Provided material:
-- -- --
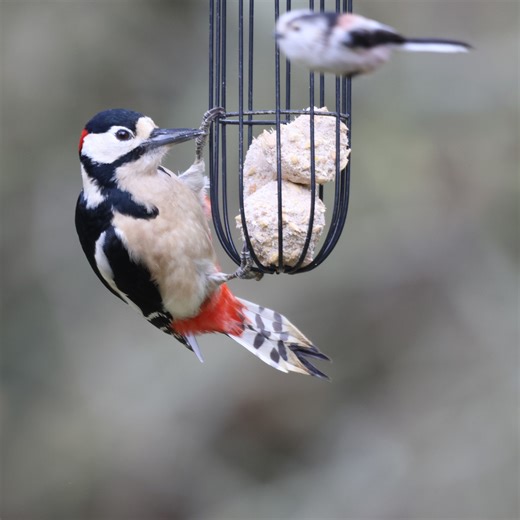 19 reactions | Stanwick Lakes is known for its wetland birds, but...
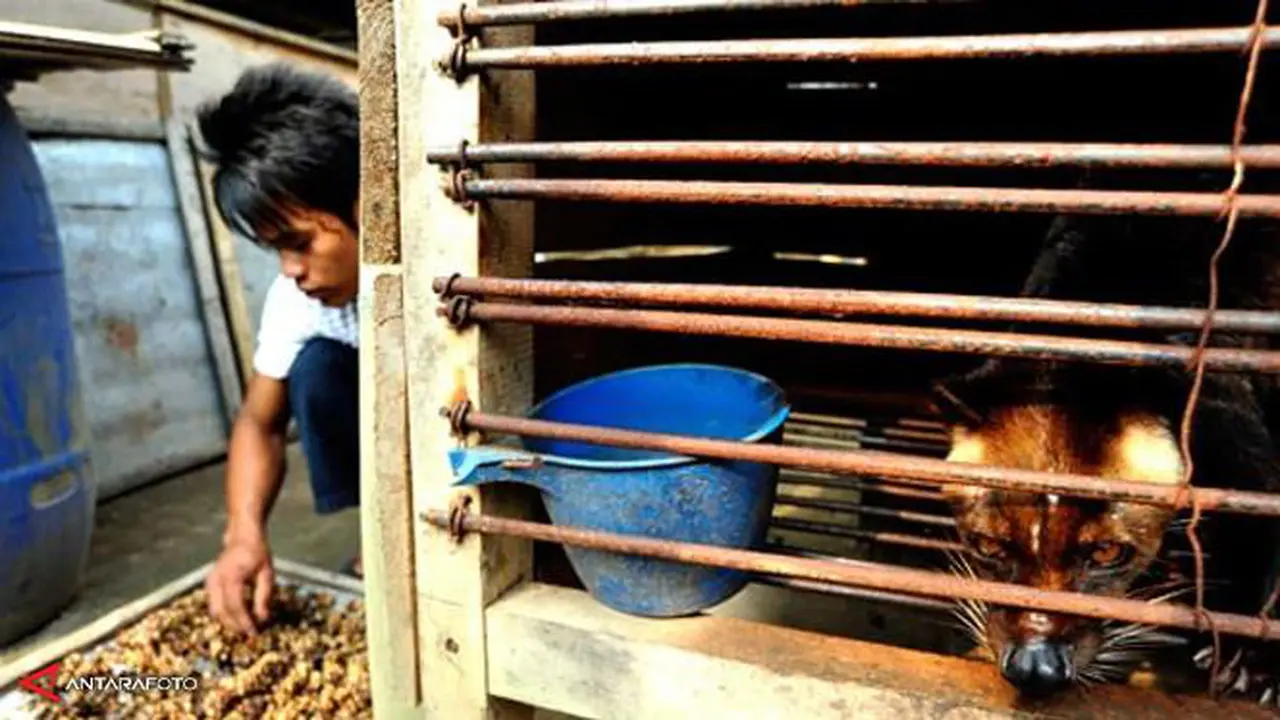 Kopi Luwak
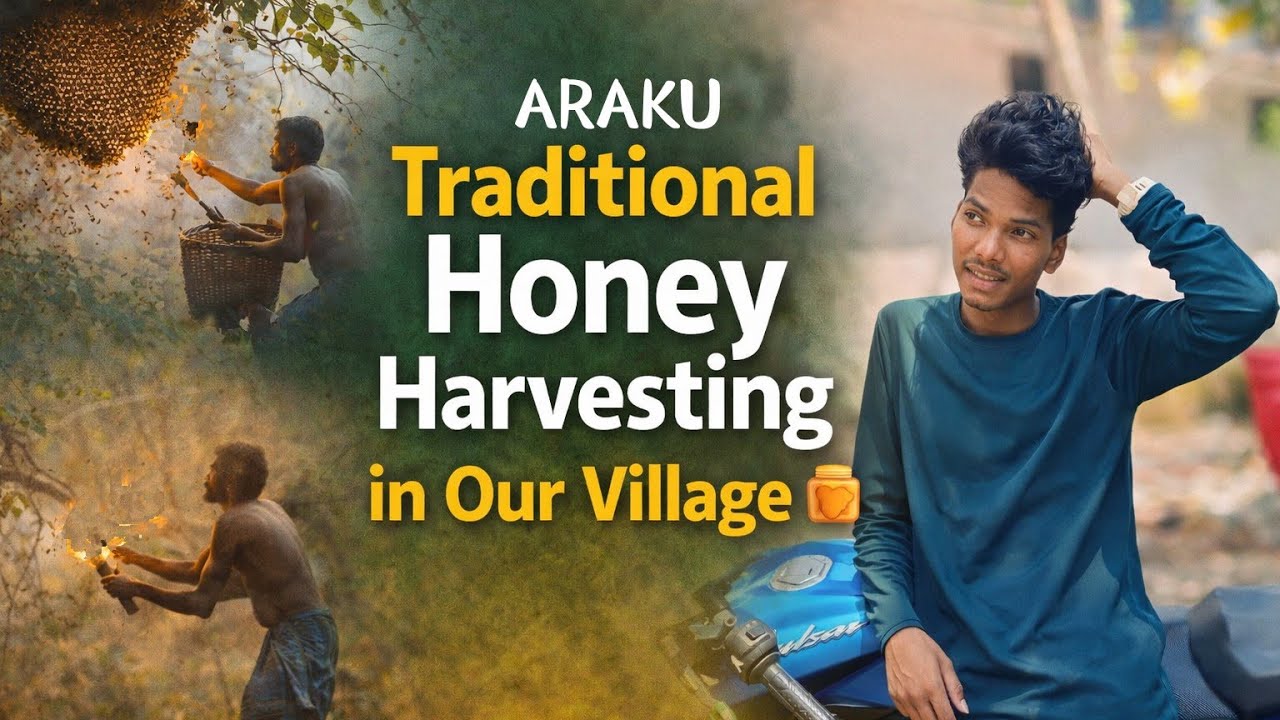 మా గ్రామంలో సాంప్రదాయ తేనె సేకరణ/traditional honey harvesting in our Village #honey #Trending#vairal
-- -- --
Work to be completed: All of the listing above has to be reproduced exactly, though without its images.

Exercise solution:
 19 reactions | Stanwick Lakes is known for its wetland birds, but...
 Kopi Luwak
 మా గ్రామంలో సాంప్రదాయ తేనె సేకరణ/traditional honey harvesting in our Village #honey #Trending#vairal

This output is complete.